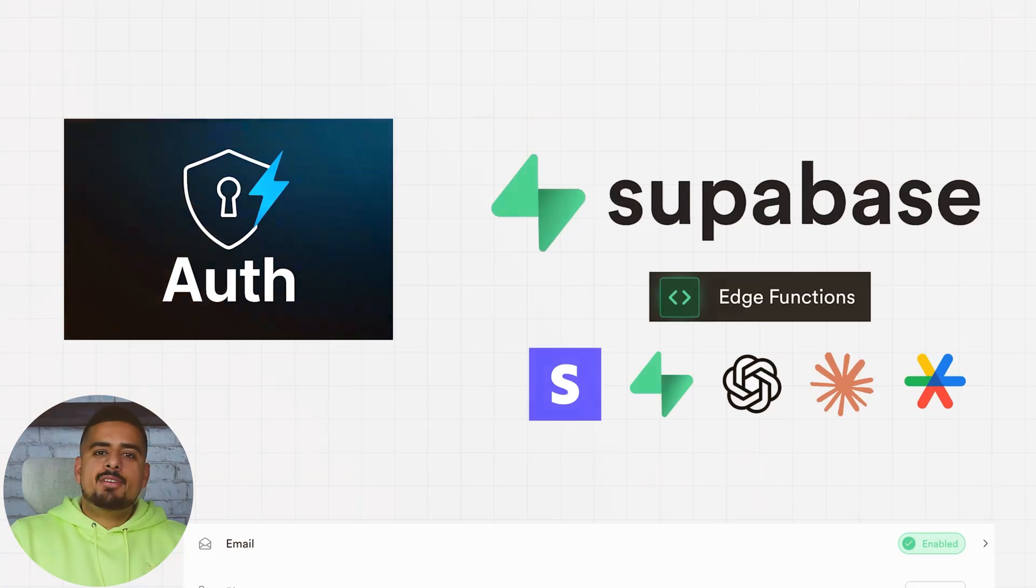In this video, I'm going to show you how you can add basic authentication via Supabase to your Bolt.new app.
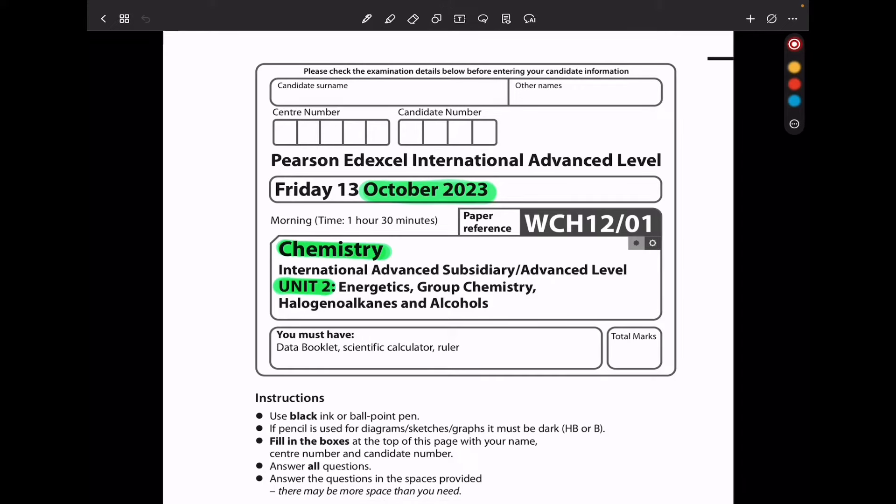Welcome to the Chemistry, Biology and Math Revision Hub. Today we're doing the Pearson Edexcel International A-level Chemistry Unit 2 for October 2023. Let's begin with the first question.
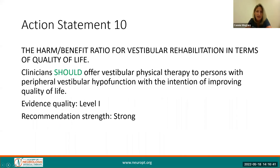Action Statement 10 states that clinicians should offer vestibular physical therapy to individuals with a peripheral vestibular hypofunction with the intention of improving upon their quality of life. This has a high quality of evidence and a strong recommendation.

- Assignment: What this calls for is the material above set down exactly, pictures excluded.

- Your response:
In this video, I'm going to show you how you can add basic authentication via Supabase to your Bolt.new app.
Welcome to the Chemistry, Biology and Math Revision Hub. Today we're doing the Pearson Edexcel International A-level Chemistry Unit 2 for October 2023. Let's begin with the first question.
Action Statement 10 states that clinicians should offer vestibular physical therapy to individuals with a peripheral vestibular hypofunction with the intention of improving upon their quality of life. This has a high quality of evidence and a strong recommendation.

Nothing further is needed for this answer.